------ INFORMATION SHOWN ------

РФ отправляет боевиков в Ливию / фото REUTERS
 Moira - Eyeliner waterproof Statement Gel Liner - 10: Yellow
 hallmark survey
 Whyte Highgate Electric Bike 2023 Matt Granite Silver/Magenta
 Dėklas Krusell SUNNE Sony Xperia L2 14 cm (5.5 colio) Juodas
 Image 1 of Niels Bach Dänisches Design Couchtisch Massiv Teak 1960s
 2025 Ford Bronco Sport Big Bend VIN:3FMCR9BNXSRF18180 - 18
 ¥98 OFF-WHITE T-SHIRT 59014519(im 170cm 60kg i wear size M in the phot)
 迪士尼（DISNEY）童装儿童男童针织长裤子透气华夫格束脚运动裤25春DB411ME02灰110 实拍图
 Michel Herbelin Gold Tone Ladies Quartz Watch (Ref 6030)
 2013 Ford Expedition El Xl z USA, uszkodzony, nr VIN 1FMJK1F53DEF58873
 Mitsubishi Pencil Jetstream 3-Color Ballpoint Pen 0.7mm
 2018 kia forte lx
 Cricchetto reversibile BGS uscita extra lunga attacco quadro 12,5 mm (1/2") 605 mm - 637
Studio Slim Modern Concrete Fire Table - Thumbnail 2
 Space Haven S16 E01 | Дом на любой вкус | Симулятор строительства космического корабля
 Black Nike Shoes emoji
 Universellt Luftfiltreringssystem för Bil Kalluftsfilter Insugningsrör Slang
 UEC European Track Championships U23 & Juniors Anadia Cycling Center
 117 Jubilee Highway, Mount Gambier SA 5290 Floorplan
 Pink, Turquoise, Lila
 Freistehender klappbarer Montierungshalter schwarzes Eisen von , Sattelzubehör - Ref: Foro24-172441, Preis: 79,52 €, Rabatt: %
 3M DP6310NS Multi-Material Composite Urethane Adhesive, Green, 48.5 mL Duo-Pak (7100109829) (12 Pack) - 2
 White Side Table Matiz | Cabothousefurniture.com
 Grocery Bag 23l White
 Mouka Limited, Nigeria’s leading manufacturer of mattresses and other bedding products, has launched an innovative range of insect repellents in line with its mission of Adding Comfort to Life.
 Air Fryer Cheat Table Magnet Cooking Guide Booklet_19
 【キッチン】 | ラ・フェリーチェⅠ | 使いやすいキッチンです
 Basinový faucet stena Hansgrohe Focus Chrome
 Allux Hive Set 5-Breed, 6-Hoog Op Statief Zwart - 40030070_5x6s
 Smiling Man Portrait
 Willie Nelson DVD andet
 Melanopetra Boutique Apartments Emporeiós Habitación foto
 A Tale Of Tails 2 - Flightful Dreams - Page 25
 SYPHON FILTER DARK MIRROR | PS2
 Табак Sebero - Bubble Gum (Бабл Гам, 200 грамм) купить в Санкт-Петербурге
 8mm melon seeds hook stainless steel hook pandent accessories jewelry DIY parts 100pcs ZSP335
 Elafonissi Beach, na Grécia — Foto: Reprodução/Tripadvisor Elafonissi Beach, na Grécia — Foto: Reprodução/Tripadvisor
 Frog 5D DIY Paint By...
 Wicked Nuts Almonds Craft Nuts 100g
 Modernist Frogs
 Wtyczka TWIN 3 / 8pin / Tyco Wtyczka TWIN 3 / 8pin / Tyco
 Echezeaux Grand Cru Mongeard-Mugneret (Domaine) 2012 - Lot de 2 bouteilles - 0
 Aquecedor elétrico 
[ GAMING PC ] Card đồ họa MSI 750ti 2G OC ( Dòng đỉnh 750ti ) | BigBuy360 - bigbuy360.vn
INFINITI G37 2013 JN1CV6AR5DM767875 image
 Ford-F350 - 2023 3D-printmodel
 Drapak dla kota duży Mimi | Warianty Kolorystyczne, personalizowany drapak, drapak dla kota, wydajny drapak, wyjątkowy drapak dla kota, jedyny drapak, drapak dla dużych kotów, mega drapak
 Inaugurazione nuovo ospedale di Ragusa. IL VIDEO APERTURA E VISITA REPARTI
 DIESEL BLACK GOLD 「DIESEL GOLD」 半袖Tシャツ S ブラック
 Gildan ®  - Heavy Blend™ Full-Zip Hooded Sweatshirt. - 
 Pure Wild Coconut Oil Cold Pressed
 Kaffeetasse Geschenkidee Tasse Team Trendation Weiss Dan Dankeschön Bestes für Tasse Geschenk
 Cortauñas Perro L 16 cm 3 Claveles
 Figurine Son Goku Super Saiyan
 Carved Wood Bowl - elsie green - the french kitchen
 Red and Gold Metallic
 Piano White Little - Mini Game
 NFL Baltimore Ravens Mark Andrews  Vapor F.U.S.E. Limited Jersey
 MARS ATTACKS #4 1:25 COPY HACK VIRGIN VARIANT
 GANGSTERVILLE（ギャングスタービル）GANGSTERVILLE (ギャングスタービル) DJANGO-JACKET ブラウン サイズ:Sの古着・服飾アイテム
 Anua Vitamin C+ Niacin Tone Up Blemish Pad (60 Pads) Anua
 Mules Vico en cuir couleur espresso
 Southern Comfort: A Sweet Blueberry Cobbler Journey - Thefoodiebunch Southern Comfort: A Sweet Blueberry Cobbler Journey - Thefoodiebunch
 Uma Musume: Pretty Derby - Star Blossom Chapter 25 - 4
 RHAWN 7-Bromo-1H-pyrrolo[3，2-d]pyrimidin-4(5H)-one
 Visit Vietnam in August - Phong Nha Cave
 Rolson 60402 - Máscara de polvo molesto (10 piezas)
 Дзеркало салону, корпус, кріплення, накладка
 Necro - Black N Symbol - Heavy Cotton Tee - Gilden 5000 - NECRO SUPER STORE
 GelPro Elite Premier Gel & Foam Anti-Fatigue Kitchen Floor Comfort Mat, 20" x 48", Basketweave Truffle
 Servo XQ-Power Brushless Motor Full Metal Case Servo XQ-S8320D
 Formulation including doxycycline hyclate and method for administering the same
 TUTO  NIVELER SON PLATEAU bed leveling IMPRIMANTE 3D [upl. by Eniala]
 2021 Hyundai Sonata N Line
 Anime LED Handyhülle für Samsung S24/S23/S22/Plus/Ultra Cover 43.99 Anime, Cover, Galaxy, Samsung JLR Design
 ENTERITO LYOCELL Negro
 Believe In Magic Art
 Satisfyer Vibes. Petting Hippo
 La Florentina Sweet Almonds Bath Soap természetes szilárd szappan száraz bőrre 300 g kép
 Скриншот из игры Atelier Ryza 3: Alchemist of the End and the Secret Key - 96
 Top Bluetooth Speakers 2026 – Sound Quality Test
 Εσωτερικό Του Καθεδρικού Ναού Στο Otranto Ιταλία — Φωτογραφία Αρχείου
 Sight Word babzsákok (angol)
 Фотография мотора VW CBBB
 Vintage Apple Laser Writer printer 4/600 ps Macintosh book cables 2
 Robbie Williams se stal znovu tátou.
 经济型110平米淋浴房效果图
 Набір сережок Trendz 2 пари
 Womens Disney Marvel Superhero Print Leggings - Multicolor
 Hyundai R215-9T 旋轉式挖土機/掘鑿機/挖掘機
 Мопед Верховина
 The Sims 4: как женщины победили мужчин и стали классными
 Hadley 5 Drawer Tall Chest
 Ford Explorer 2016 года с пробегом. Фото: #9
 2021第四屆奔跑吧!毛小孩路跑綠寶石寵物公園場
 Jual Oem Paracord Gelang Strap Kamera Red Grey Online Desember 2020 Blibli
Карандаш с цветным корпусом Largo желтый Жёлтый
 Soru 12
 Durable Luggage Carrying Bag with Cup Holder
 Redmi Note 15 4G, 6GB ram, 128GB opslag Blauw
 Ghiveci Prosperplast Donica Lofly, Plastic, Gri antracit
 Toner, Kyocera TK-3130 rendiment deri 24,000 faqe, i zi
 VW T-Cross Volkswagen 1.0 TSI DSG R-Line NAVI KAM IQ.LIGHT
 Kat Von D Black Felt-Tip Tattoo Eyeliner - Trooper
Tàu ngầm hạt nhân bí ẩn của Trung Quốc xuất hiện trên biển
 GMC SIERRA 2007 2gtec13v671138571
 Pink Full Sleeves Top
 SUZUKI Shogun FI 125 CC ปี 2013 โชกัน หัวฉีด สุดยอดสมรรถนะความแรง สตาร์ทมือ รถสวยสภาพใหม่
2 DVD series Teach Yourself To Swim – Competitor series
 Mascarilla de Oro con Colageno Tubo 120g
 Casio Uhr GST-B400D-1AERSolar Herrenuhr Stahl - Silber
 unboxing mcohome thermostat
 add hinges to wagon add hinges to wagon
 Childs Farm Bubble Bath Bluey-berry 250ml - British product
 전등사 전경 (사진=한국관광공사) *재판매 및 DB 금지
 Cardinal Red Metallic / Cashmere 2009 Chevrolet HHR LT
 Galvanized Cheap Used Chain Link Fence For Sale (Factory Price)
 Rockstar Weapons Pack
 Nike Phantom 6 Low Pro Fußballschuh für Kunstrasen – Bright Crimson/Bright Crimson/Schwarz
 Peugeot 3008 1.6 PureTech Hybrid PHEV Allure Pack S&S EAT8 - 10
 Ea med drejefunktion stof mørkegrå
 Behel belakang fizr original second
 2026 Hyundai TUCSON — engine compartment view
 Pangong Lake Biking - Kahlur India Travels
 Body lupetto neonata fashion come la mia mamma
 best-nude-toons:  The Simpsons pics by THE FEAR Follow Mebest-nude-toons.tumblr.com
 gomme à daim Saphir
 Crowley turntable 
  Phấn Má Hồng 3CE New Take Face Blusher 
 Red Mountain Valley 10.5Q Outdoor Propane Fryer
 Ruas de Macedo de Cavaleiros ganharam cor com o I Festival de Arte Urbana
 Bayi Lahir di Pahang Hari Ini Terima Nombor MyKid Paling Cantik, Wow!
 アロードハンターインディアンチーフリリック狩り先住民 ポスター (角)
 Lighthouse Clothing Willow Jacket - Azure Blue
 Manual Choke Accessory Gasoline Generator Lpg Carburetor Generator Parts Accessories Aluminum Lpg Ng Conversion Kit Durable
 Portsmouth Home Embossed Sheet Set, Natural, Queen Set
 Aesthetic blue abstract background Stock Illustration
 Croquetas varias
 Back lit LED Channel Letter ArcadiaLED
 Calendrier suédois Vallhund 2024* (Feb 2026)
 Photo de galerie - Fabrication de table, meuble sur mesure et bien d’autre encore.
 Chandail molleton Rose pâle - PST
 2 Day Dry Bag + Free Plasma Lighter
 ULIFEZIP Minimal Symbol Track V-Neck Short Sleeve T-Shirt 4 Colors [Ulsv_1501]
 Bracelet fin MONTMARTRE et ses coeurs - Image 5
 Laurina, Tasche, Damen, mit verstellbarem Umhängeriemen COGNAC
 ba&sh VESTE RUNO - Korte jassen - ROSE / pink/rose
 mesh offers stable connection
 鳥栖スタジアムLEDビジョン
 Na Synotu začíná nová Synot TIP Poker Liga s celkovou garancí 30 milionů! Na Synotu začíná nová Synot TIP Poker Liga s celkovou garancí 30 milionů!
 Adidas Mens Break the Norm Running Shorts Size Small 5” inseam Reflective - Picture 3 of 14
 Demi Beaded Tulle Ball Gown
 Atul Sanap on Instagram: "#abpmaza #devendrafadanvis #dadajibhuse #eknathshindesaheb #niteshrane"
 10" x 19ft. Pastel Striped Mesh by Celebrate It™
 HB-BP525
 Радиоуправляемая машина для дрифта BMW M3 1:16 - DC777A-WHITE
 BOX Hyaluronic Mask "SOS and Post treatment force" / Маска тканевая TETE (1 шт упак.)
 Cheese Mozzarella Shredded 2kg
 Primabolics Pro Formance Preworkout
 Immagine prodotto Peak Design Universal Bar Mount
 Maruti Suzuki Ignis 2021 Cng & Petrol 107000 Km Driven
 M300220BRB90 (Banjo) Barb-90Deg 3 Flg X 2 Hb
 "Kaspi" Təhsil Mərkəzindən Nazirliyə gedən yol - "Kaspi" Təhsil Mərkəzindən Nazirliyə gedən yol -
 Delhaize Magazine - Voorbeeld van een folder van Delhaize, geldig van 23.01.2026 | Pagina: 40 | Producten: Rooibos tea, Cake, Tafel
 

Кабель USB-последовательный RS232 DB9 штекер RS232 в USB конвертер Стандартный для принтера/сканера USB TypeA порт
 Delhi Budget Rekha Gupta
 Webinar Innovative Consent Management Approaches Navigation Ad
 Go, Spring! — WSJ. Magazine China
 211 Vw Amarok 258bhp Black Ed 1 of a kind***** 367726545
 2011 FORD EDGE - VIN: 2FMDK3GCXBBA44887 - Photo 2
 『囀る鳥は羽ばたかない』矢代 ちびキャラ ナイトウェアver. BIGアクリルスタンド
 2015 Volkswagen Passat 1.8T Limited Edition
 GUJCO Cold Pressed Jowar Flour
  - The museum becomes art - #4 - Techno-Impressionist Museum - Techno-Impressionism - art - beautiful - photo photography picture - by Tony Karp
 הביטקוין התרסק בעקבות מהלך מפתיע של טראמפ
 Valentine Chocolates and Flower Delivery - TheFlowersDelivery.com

------

(WHAT IS NEEDED) What you give back must be the stretch above, starting at the line with "VW T-Cross Volkswagen" and ending at the line with "Back lit LED Channel Letter ArcadiaLED", copied exactly.

(PROBLEM SOLUTION)
 VW T-Cross Volkswagen 1.0 TSI DSG R-Line NAVI KAM IQ.LIGHT
 Kat Von D Black Felt-Tip Tattoo Eyeliner - Trooper
Tàu ngầm hạt nhân bí ẩn của Trung Quốc xuất hiện trên biển
 GMC SIERRA 2007 2gtec13v671138571
 Pink Full Sleeves Top
 SUZUKI Shogun FI 125 CC ปี 2013 โชกัน หัวฉีด สุดยอดสมรรถนะความแรง สตาร์ทมือ รถสวยสภาพใหม่
2 DVD series Teach Yourself To Swim – Competitor series
 Mascarilla de Oro con Colageno Tubo 120g
 Casio Uhr GST-B400D-1AERSolar Herrenuhr Stahl - Silber
 unboxing mcohome thermostat
 add hinges to wagon add hinges to wagon
 Childs Farm Bubble Bath Bluey-berry 250ml - British product
 전등사 전경 (사진=한국관광공사) *재판매 및 DB 금지
 Cardinal Red Metallic / Cashmere 2009 Chevrolet HHR LT
 Galvanized Cheap Used Chain Link Fence For Sale (Factory Price)
 Rockstar Weapons Pack
 Nike Phantom 6 Low Pro Fußballschuh für Kunstrasen – Bright Crimson/Bright Crimson/Schwarz
 Peugeot 3008 1.6 PureTech Hybrid PHEV Allure Pack S&S EAT8 - 10
 Ea med drejefunktion stof mørkegrå
 Behel belakang fizr original second
 2026 Hyundai TUCSON — engine compartment view
 Pangong Lake Biking - Kahlur India Travels
 Body lupetto neonata fashion come la mia mamma
 best-nude-toons:  The Simpsons pics by THE FEAR Follow Mebest-nude-toons.tumblr.com
 gomme à daim Saphir
 Crowley turntable 
  Phấn Má Hồng 3CE New Take Face Blusher 
 Red Mountain Valley 10.5Q Outdoor Propane Fryer
 Ruas de Macedo de Cavaleiros ganharam cor com o I Festival de Arte Urbana
 Bayi Lahir di Pahang Hari Ini Terima Nombor MyKid Paling Cantik, Wow!
 アロードハンターインディアンチーフリリック狩り先住民 ポスター (角)
 Lighthouse Clothing Willow Jacket - Azure Blue
 Manual Choke Accessory Gasoline Generator Lpg Carburetor Generator Parts Accessories Aluminum Lpg Ng Conversion Kit Durable
 Portsmouth Home Embossed Sheet Set, Natural, Queen Set
 Aesthetic blue abstract background Stock Illustration
 Croquetas varias
 Back lit LED Channel Letter ArcadiaLED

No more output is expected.